2. The extent to which services may have to be reduced, in light of the decision or award, if current funding and taxation levels are not increased.
3. The economic situation in Ontario and in the municipality where the hospital is located.
4. A comparison, as between the employees and other comparable employees in the public and private sectors, of the terms and conditions of employment and the nature of the work performed.
5. The employer’s ability to attract and retain qualified employees.
 Previous case law consistently indicates that on judicial review, a court owes significant deference to an interest arbitration award, given the nature of interest arbitration. For example, in Service Employees International Union v. The Participating Nursing Homes, 2013 ONSC 4650 (Div. Ct.), at paras. 11-13, the court states as follows:
11. An interest arbitrator applies the criteria set out in HLDAA in order to arrive at the terms of a collective agreement for the parties, a statute with which interest arbitrators in hospital labour disputes have particular familiarity. In previous cases, the reviewing court has deferred to an interest arbitration award even when the court describes the reasons provided as “sketchy” or “very brief indeed”: see Ross Memorial Hospital v. Canadian Union of Public Employees, Local 1909, 2007 CanLII 39896 (Ont. Div. Ct.), at para 6; St. Gabriel’s Villa of Sudbury v Ontario Nurses’ Association, 2015 ONSC 3459 (Div.
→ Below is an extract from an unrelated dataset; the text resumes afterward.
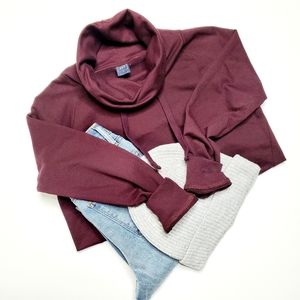 NWT Boyfriend Funnel Neckline Sweatshirt Size XS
Ct.), at para 13. In the latter case, the court found the reasons to be sufficient “taking account of the [legislative] nature of the process, the evidence, submissions, issues and the reasons of the Board”.
12. As well, interest arbitrators exercise a broad discretion, as they are not interpreting a collective agreement, as do rights arbitrators. Rather they are settling the terms of the agreement, a task that has been said to be analogous to a legislative function in which arbitrators draw on their labour relations expertise (Canadian Union of Public Employees (C.U.P.E.) v. Ontario (Minister of Labour), 2003 SCC 29 (CanLII),  1 S.C.R. 539 at para. 53).
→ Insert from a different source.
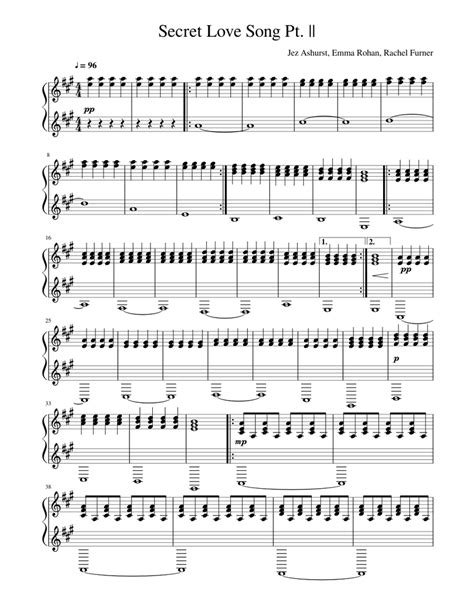 Secret Love Song Pt 2 Sheet Music For Piano Solo Easy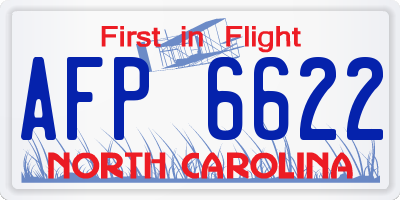 NC license plate AFP6622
13. Accordingly, a high degree of deference is to be accorded to the arbitrator’s application of the factors in s. 9(1.1) and to his or her conclusions about the appropriate terms of the collective agreement.
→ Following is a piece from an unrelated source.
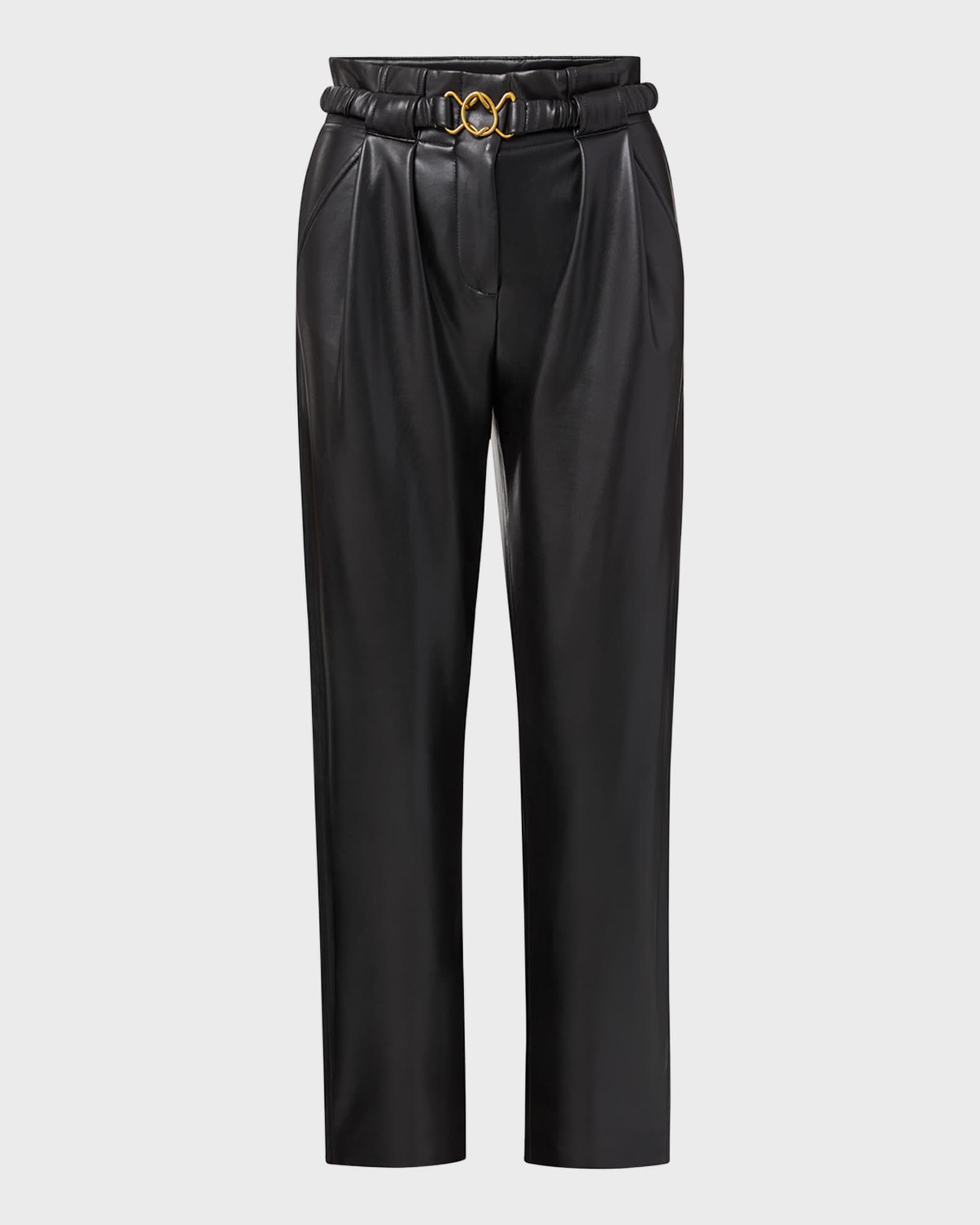 Veronica Beard Coolidge Belted Vegan Leather Pants | Neiman Marcus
 An interest arbitration board plays an important role in labour relations in Ontario but the scope of its authority is circumscribed. Its role is aptly described by the board chair in Pembroke (City of) v. Pembroke Professional Fire Fighters’ Association, 2000 CanLII 29504 (Ont. L.A.), as follows:
First and foremost, as a Board of Arbitration resolving an interest dispute, the task is to try to replicate collective bargaining as closely as possible…The task of an interest board of arbitration is not to impose terms and conditions that seem attractive or even fair to the board of arbitration. Instead, the task of a board of arbitration is to design a collective agreement that comes as close as possible to what the parties could have expected if they had been forced to impasse. [Emphasis added.]